I haven’t read this book, but judging from the blog reviews, it seems that is central point is that if the return on capital is higher than economic growth, then the owners of capital should become richer over time.
However, it seems that there are certain problems with this thesis. Firstly, an economy has an optimal capital stock, and thus can carry only a finite amount of wealth into the future. Attempts to save beyond this simply drive the return on capital negative. In the long run then, the capital stock approaches the optimal, and the return on savings should approach zero. Given the epic lack of capital in EM, we are still some 50-100 years from that, at least. On the other hand, we can comfort ourselves with the thought that even if Piketty is correct now, he won’t be correct forever.
If we think that the inequality in capital ownership is a problem, there is a simple solution. Simply have world governments buy up large quantities of the capital stock, say half of the stock and bond markets over a few decades. By reducing the supply of capital, savers, and by extension the wealthy, would have to compete for a smaller and smaller share of the optimal capital stock.

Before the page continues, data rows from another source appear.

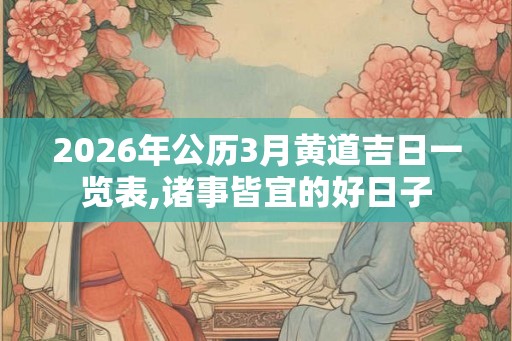 2026年公历3月黄道吉日一览表,诸事皆宜的好日子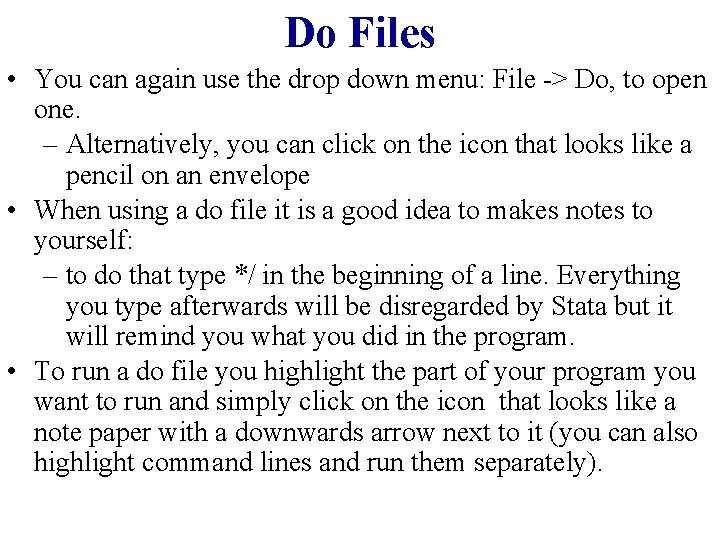 Do Files • You can again use the drop down menu: File -> Do,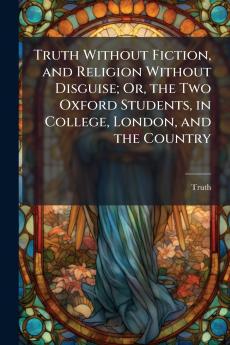 Truth Without Fiction and Religion Without Disguise; Or the Two Oxford Students in College London and the Country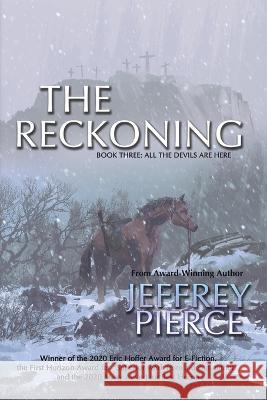The Reckoning: Book Three: All The Devils Are Here Jeffrey Pierce 9781685130558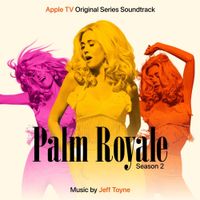 Jeff Toyne - Palm Royale Season 2 (Apple TV Original Series Soundtrack)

In the short term, this will drive up the price, but in the long run it limits the supply of available savings vehicles, and exposes the wealthy to inflation by giving them the choice between holding cash, or buying capital at such prices that returns are bound to be negative.
Of course, it seems that this would not be a politically acceptable move. For one thing, people seem to believe in the divine right of savers to reasonable returns. Of course, no one seems to equate the very wealthy with `hard working’ savers, but economically they are largely identical. To make it politically acceptable, the government would have to provide bonds at a reasonable rate of return. This could be managed, simply start selling bonds directly to savers at some limit such that no one person can own more than, say $500,000. This is not very different from the UK’s pensioner bonds.

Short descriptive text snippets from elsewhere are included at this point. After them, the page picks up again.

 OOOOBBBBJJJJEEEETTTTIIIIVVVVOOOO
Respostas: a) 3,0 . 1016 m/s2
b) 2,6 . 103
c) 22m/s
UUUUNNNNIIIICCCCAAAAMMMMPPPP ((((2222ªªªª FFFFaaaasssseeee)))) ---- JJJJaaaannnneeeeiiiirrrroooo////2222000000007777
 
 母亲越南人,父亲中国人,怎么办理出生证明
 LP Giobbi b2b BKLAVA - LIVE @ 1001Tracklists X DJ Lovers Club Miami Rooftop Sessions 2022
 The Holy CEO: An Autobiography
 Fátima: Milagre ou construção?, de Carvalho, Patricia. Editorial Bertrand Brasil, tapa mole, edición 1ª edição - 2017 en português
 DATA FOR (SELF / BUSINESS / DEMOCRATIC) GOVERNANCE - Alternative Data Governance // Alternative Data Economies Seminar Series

Driving down inequality by having the government buy up the capital stock. Its just the modern repackaging of Marxist ideas, but the difference is that we could do it now, without the terrible side effects. Just buy ETF’s and the government can be a silent partner in the world’s stock and bond markets. No interference in workings of capitalism, just lots more capital.
It seems like the belief that low interest rates cause bubbles is all the rage. Its superficially such an obvious relation “low rates” means “easy money” which means people “bid up” assets and hey presto instant bubble.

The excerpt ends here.